EHRs and the continuum of care, Part 2: the problem with paper-oriented EHRs.


One of the main problems with paper exams is that they are structured around an exam-specific episode of care. A new form is used for each encounter. Connecting the knowledge contained in these separate exams is through a written problem list, and sometimes other lists such as a medication and allergy list. A sequence of events, a change over time or a variation in clinical flow can only be seen by human eyes observing the flow of data from episode to episode.

In EHRs, we see some ability to tie consecutive episodes of care together and reduce end-user need to enter repetitive data and join the dots, so to speak. We see features like Carry Forward and Populate Normal being incorporated. This helps in some measure but also has some pitfalls. It is still a system in which significant clinical findings are separated into episodes of care rather than being presented in ways that show trends and make the continuum of care intuitively obvious. 

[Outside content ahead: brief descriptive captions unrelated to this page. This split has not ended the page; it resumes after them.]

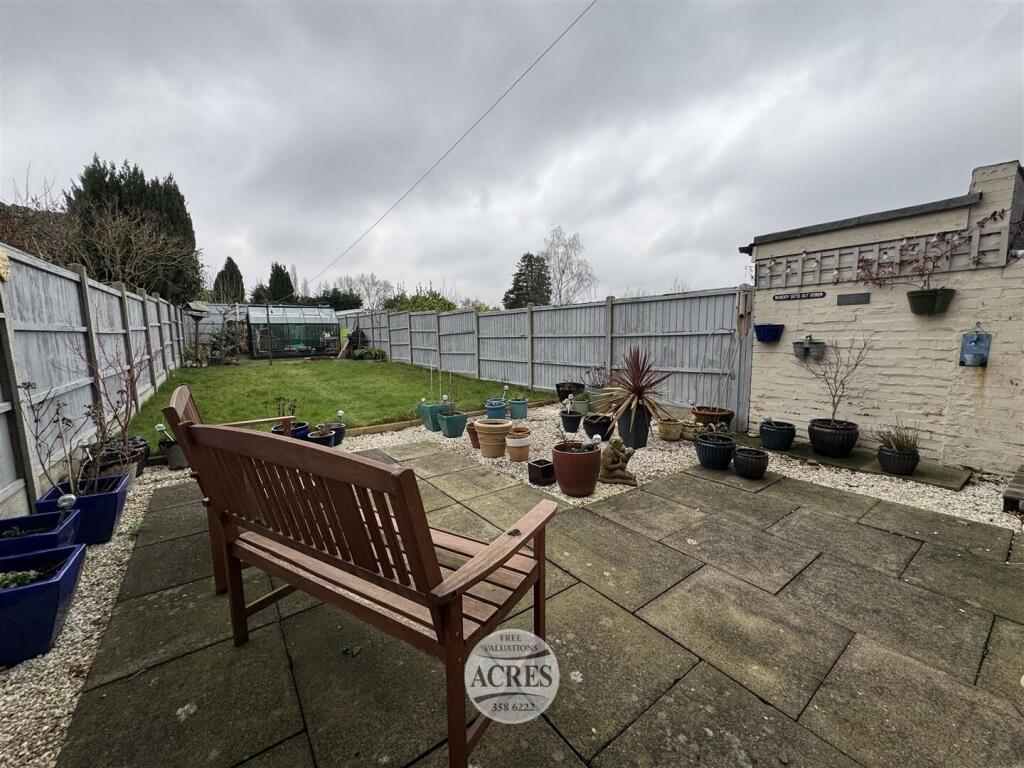 Additional image 20 of Rodlington Avenue, Great Barr, Birmingham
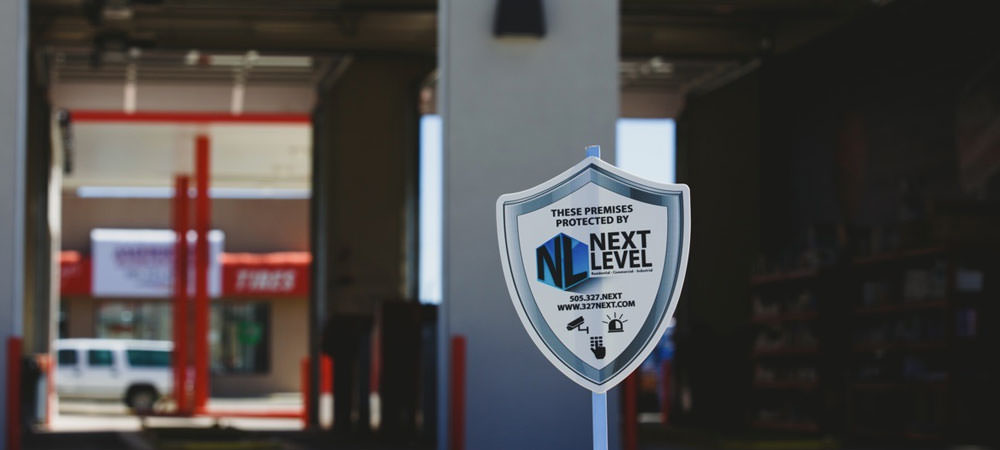 What Surveillance System Features Does Your Business Need?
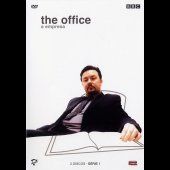 The Office - A Empresa - Série 1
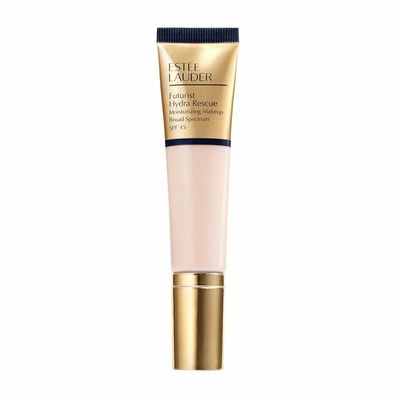 E. Lauder Futurist Hydra Rescue Moisturizing Makeup SPF45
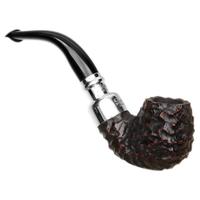 Peterson System Spigot Rusticated (317) P-Lip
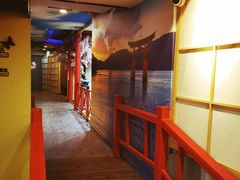 -白兔子密室(长寿路店)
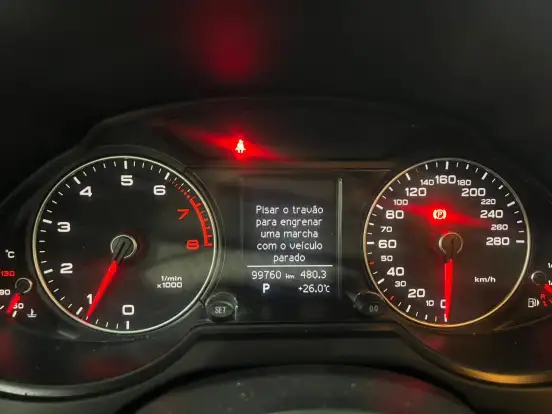AUDI-Q5-2.0 TFSI AMBIENTE 16V 225CV GASOLINA 4P AUTOMÁTICO AUDI-Q5-2015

If we have a patient developing a traditional cataract, the caregiver must know how quickly the cataract is progressing. The key clinical indicators are type, severity, change in refractive status, change in visual acuity, and other causal factors. In order to make appropriate clinical decisions for this patient, we need information from a sequence of exams. In a paper chart, the provider would flip through the various exam forms. In almost all electronic health records, the user still must “flip” through previous exams to get this information, even though the data is electronic. The problem is that electronic “flipping” tends to be much slower than it was to flip pages in a paper chart. Complaints that EHRs are slow come largely from this separation of related data and the increased time it takes to re-assemble and re-assess.

Maintaining an episode-of-care concept in the design of EHRs has proven to be a fundamental flaw and a major inhibitor to their adoption. A key tenet of health care reform is to challenge episodal care. Reform is recognizing that each episode of care actually has little value in the continuum of care. Health care reform is designed to change the focus from the patient seen on a particular day with numerous tests, to an emphasis on long-term outcomes and how effectively a team of providers can get the best patient outcomes. 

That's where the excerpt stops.